At Guelph presents this story as part of a series that highlights University of Guelph leadership in teaching excellence and the scholarship of learning.
“I was a very good student but a terrible learner,” says human health and nutritional sciences (HHNS) professor Genevieve Newton.
Despite being an “A” student, she didn’t realize there was a gap in her learning experience until, after graduating from Laurentian University with a B.Sc., she headed to Chicago to study chiropractic medicine at the National University of Health Science (NUHS). There she discovered a whole new approach to teaching that changed the way she thought about learning.
“The problem-based learning curriculum my profs used taught me how to really learn and understand the material,” she says.
During her time at the NUHS, she also became interested in nutrition. She describes it as the umbrella over all the other health sciences. “Nutrition explains so much,” she says. “Without information about nutrition, what we can do to prevent and treat disease is limited.” Her initial goal was to attend U of G to get a master’s in nutrition, giving her the option to share nutrition information with her chiropractic patients.
But once she started graduate school at U of G, “I couldn’t leave,” Newton says. “I had lots of opportunities to teach in grad school and I realized that I have a passion for teaching. I wanted to give my students the same kind of powerful learning experiences I’d had.” Her PhD focused on the role of niacin in cognitive functioning – a traditional nutrition topic – but she was already finding her greatest interest was in improving approaches to teaching.
“My experience with the problem-based learning was so profound that it changed my whole career direction,” says Newton. “I want my students to have the same kind of transformational learning experiences.”
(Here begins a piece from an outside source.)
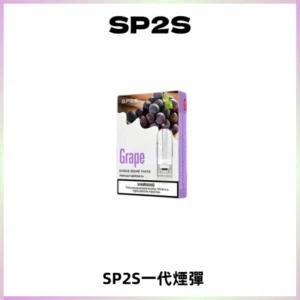 SP2S思博瑞一代替換式煙彈 兼容Relx|Lana|ILIA等主機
The approaches she is studying (and using) require quite a bit of work on the part of the professor, who needs to be prepared for any number of questions and requests from the students.
“The problem-based approach often uses case studies to guide learning,” she explains. In this model, students may work as a group, and are initially presented with a basic outline of the case they are to work on. The teacher or facilitator has a binder full of information about the case, but doesn’t provide any until it’s requested. The students need to do research and plan their approach to know what to ask for.
Newton recalls one example from chiropractic school: “The case would start out with a person coming into the chiropractor’s office with low back pain. We’d start with what questions would we ask, what tests would we do, what kind of X-rays would we request.” Each student in the group would end up researching some aspects of the problem, then reporting back to the group to discuss the information and continue planning.
“This approach is also used at McMaster’s medical school,” she says.
It’s relatively easy to see how this can work for teaching medical practitioners, but Newton says it can be applied to many other disciplines as well. In a biochemistry class, for example, she might have students explore what happens in the bodies of people on various diets, such as the Atkins diet, the Zone diet and the American Heart Association diet, and how this affects weight loss. “There are also other active learning techniques designed to get students to engage with the material, problem-solve and think critically,” she says.
After graduation, Newton taught as a sessional lecturer in the Guelph-Humber kinesiology program. Following a maternity leave, she took the opportunity to diversify her teaching experience by teaching both undergraduate and graduate courses in HHNS at U of G. That’s when her teaching research began. “I wanted to know if what I was doing in class was working,” she says. “So I turned it into a formal research project.”
Now, as a faculty member in HHNS, her current teaching assignments will bring her back to the Guelph-Humber kinesiology program, in addition to her teaching at U of G. Over the next three years, Newton will be using case studies in second-year biochemistry courses and studying the outcomes. “We want to know if this will affect the retention of the material, and whether or not it encourages deep learning rather than surface learning.” She’s also looking at whether or not breakout groups can be used successfully in large undergraduate classes, and whether lecture videos are useful study tools.
Her approaches always aim to provide students with more than facts to be memorized. They also give them transferable skills in critical thinking, research and ways to learn. “Learning is all about integrating new knowledge with what you already know and making the connections,” she explains. “People are recognizing the limitations of the traditional ways of teaching and looking at innovative ways to facilitate learning.”